I have a CSV file with the following lines:
10,130,A,100,1000
10,130,B,200,-200
10,130,C,300,1200
20,140,A,120,1050
20,140,B,220,-300
20,140,C,320,1250
30,120,A,145,1130
30,120,B,255,1000
30,120,C,355,1110
...
And so on, three lines for each increment by 10
in the first column. Each line contains two values in columns 4 and 5 for each type in column 3 (A, B and C). Values in columns 1 and 2 are the same for each set of three lines.
I read it with:
data <- read.csv("data_out.csv", header=FALSE, sep=",")

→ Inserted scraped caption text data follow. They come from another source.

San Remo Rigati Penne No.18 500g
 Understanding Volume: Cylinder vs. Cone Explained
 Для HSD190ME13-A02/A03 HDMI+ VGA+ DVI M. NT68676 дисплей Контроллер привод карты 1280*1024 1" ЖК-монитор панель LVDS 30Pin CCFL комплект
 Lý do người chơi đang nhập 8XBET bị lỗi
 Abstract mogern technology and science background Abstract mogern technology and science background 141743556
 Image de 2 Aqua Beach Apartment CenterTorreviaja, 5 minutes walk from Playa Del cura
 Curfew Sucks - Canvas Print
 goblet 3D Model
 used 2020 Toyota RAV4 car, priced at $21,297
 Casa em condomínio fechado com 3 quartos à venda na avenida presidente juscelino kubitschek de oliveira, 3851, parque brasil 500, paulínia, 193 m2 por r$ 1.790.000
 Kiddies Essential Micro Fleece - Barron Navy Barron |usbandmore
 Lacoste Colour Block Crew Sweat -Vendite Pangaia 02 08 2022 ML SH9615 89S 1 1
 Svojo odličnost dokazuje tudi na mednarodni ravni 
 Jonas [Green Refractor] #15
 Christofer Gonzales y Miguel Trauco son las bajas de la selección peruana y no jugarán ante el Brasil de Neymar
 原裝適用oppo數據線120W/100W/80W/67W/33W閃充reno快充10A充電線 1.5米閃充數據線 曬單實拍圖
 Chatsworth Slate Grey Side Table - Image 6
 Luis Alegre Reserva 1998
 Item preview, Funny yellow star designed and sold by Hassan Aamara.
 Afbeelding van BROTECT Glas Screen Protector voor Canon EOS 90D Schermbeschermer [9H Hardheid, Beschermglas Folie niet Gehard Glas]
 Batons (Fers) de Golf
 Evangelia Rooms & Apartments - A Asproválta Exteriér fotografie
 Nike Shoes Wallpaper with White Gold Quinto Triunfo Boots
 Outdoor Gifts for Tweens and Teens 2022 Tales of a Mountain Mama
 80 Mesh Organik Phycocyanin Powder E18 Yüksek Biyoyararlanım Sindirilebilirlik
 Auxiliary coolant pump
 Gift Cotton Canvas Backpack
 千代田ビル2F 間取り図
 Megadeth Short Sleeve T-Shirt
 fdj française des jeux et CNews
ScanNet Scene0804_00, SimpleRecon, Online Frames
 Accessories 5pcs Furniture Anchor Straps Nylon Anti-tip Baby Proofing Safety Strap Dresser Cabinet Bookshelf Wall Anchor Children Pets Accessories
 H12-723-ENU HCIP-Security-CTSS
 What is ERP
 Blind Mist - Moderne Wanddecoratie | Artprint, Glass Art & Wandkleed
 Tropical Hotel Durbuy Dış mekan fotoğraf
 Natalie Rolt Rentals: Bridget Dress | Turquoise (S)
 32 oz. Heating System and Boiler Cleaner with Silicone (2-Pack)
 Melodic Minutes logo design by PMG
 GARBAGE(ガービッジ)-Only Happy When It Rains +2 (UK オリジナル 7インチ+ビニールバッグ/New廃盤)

Each set of three lines read from the file contains 8 values that could be plotted as Y on a graph (example for the first three lines):
- Value in column 1 (10)
- Value in column 2 (130)
- Value in column 4 for type A (100)
- Value in column 5 for type A (1000)
- Value in column 4 for type B (200)
- Value in column 5 for type B (-200)
- Value in column 4 for type C (300)
- Value in column 5 for type C (1200)
They would be plotted for X = 10.
So the first 8 dots would have the following coordinates (X,Y):
(10,10); (10,130); (10,100); (10,1000); (10,200); (10,-200); (10,300); (10,1200)
The next three lines for 20 in column 1 would have coordinates:
(20,20); (20,140); (20,120); (20,1050); (20,220); (20,-300); (20,320); (20,1250)
And similarly for the third and any further set of three lines from the input file.
Dots representing each one of those 8 values from each set of three lines should be connected to form a line chart, similar to this one (but with 8 line charts, not 4 as on the example). So there would be 8 line charts on the same graph representing values for X=10, X=20, X=30, and so on.
Questions about the solution
I know how to plot one line, e.g. plot(data[,1],data[,4],type="l")
but how to plot multiple lines?
And how to ensure that the 0 for Y is in the correct place so that the negative values for C5 can be properly plotted as well?
Also, I know that there is the aggregate
function which could be used to group by the type (A, B, C), but I don't want to perform any summary or averaging, so I am probably looking for a filter (by the type) rather than aggregate?
I would probably also want to ensure that the amount of distinct values in C1 is the same as in C2 (purely for verification that the input data is fine).